Wednesday, August 14, 2013

BigData: Experiments with Apache Avro and Parquet

In the GIS tools for Hadoop, we store and retrieve feature classes in Esri JSON or GeoJSON formats to and from HDFS. This post is about a set of experiments in different storage and serialization technics of feature classes. The two environments I evaluated are Apache Avro and Parquet. All the source code can be found here.
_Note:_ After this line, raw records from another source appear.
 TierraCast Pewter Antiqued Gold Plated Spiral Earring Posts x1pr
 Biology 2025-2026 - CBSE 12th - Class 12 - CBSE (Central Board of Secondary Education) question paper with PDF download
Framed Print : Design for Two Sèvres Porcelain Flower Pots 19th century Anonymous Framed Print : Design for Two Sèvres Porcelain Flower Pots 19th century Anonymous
Experiment I - Simple Feature Class Schema

Despite that Avro has the capability of dynamic typing and being old fashion, I wanted to generate a set of POJOs for a simple feature class schema. In my mind, a feature has a geometry and a set of attributes. A geometry has a spatial reference and can be either a point, line or a polygon. A point is made up of one coordinate. A coordinate is simply made up of an x and y value. Lines are made up of paths, where a path is a set of coordinates. Polygons are made of rings, where a ring is a set of coordinates. Based on the Avro specification, I wrote two schemas; one for a generic feature and one for a point feature. The feature attributes is a set of key values, where the key is in a text format, and the values can be either numeric or textural.
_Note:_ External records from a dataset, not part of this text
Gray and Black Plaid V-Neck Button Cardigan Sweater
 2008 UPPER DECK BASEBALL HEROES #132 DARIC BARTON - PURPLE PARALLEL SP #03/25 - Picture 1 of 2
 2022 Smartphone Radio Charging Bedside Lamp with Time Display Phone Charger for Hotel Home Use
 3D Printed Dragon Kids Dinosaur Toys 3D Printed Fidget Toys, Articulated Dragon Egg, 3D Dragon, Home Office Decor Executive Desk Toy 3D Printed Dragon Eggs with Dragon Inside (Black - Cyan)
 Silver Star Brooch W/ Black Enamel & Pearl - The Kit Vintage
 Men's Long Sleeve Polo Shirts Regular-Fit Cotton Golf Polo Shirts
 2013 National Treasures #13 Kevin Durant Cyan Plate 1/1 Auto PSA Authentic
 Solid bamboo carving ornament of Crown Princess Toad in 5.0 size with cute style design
Using maven, a set of concrete class can be generated to be used in static programming:

$ mvn avro:schema

Experiment II - Generate Data

Once the classes are generated, the project is compiled and the set of features with random geographic coordinates is generated and placed into HDFS:

$ mvn exec:java -q -Dexec.mainClass=com.esri.RandomPoints -Dexec.args="cloudera hdfs://localhost.localdomain:8020/user/cloudera/points/points.avro"
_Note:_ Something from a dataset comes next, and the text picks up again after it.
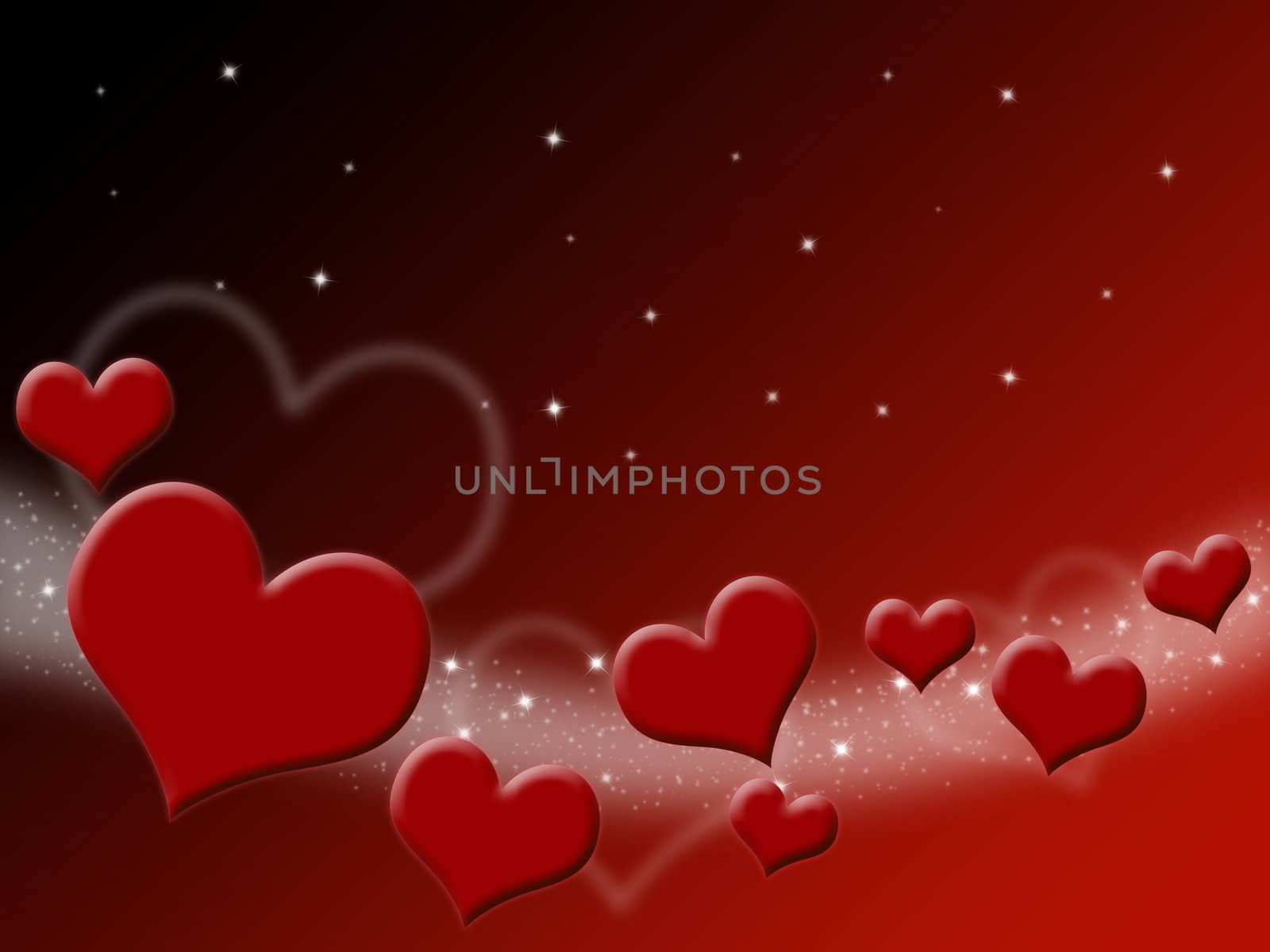 Valentines Day Card with red Hearts and stars on starry background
Experiment II - View Avro Data

Since the Avro data is in a binary format, a "cat" of the data will render gibberish. So I borrowed an idea from the Avro tool project to dump the content to the console in JSON text format:

$ mvn exec:java -q -Dexec.mainClass=com.esri.AvroToJson -Dexec.args="hdfs://localhost.localdomain:8020/user/cloudera/points/points.avro 10"

Experiment III - Run MapReduce Job on Avro Data

The MapReduce job in mind is a simple bin clustering, where the output is the number of points per bin - think of a bin as a cell in a grid. Here are the mapper and the reducer.

private static final class FeatureMapper extends AvroMapper<
 AvroPointFeature, Pair<Long, Integer>>
 {
 @Override
 public void map(
   final AvroPointFeature feature,
   final AvroCollector<Pair<Long, Integer>> collector,
   final Reporter reporter)
   throws IOException
   {
     final AvroPoint avroPoint = feature.getGeometry();
     final AvroCoord coord = avroPoint.getCoord();
     final long x = (long) Math.floor(coord.getX() - XMIN);
     final long y = (long) Math.floor(coord.getY() - YMIN);
     final long g = (y << 32) | x;
     collector.collect(new Pair<Long, Integer>(g, 1));
   }
 }

private static final class FeatureReducer extends AvroReducer<Long, Integer,
 Pair<Long, Integer>>
 {
 @Override
 public void reduce(
   final Long key,
   final Iterable<Integer> values,
   final AvroCollector<Pair<Long, Integer>> collector,
   final Reporter reporter)
   throws IOException
   {
     int sum = 0;
     for (final Integer value : values)
     {
       sum += value;
     }
     collector.collect(new Pair<Long, Integer>(key, sum));
   }

Of course the Avro output can be viewed using the Avro to JSON tool from the second experiment :-)

Experiment IV - GeoProcessing Tool To Generate Schema.

I wanted to generate an Avro schema that closely resembles a specific simple feature class metadata. So, I wrote the SchemaTool as an ArcMap extension that writes to HDFS the specific Avro schema of a given feature class.

Experiment V - Export Feature Class Based on Specific Schema

Now that we have a specific schema, I wrote yet another extension (ExportToGenericAvro) to export the content of a feature class into an Avro formatted HDFS file. Again, you can validate the content using the Avro to JSON tool :-)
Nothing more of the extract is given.